This page was generated from docs/examples/3_mergingerrormodel.ipynb. Interactive online version: Binder badge.

Merging with a Robust Error Model

In the previous example, we computed the common merging statistics \(CC_{1/2}\) and \(CC_{anom}\) to explore a dataset with significant anomalous signal from native sulfur atoms. One assumption that we made while merging is that the scaled reflection observations are normally distributed about the mean. This assumption is consistent with the merging strategy used by AIMLESS, which was used to scale the data in the first place. In this example, we will explore whether the scaled reflection observations are normally distributed, and whether we can improve the anomalous signal (\(CC_{anom}\)) by using a different error model.

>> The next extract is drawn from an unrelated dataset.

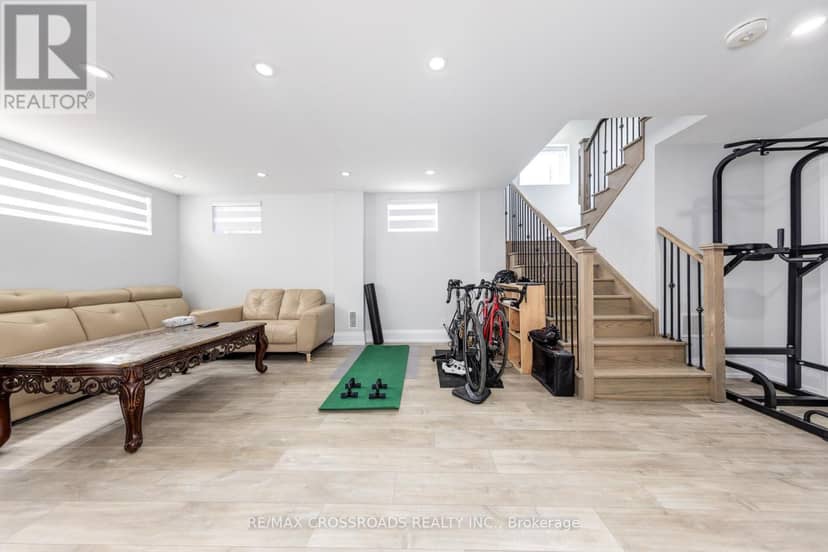 15 Percy Rye Avenue — photo 34 of 40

Note: See pytorch.org for customizable PyTorch installation instructions.

[1]:
import matplotlib.pyplot as plt
import numpy as np
import seaborn as sns
sns.set_context("notebook", font_scale=1.3)
from tqdm.notebook import tqdm
[2]:
# Install PyTorch to running kernel
import sys
!{sys.executable} -m pip install torch
Requirement already satisfied: torch in /Users/jgreisman/miniconda3/envs/test/lib/python3.9/site-packages (1.10.1)
Requirement already satisfied: typing-extensions in /Users/jgreisman/miniconda3/envs/test/lib/python3.9/site-packages (from torch) (4.0.1)
[3]:
import torch
[4]:
import reciprocalspaceship as rs
[5]:
print(rs.__version__)
0.9.18

Normal Error Model

It is common in merging to assume that scaled intensities are normally distributed about the true mean. We can assess the validity of this assumption by looking at the residuals between scaled intensities and the maximum likelihood esimate of their true intensity.

[6]:
ds = rs.read_mtz("data/HEWL_unmerged.mtz")
[7]:
merged_normal = rs.algorithms.merge(ds)
merged_normal = merged_normal.stack_anomalous()
[8]:
ds.hkl_to_asu(anomalous=True, inplace=True)
ds["IML"] = merged_normal.loc[ds.index, "I"]
[9]:
# Expected residuals for normally distributed data
x = np.linspace(-6., 6., 50)
bin_width = x[1] - x[0]
normal = bin_width*ds.shape[0]*(1/np.sqrt(2*np.pi))*np.exp(-0.5*x**2)

# Histogram Residuals
fig = plt.figure(figsize=(8, 5))
sns.histplot((ds.I - ds.IML)/ds.SIGI, bins=x, color="k", label="Residuals")
plt.plot(x, normal, 'r-', lw=2, label="Expected")
plt.ylabel("Log Count")
plt.yscale("log")
plt.ylim(1e0, 3e5)
plt.xlabel(r"$\frac{I_{h,i} - I^{ML}_{h}}{\sigma_{I_{h,i}}}$", fontsize=24)
plt.legend(loc='center left', bbox_to_anchor=(1, 0.5))
plt.tight_layout()
plt.show()
../_images/examples_3_mergingerrormodel_10_0.png

These residuals are not symmetric about \(0\), which would have been expected for truly normally distributed data. In addition, the tails are much “heavier” than for a normal distribution. This suggests that it may be possible to do a better job merging these scaled observations by using a different error model that is more robust to outliers.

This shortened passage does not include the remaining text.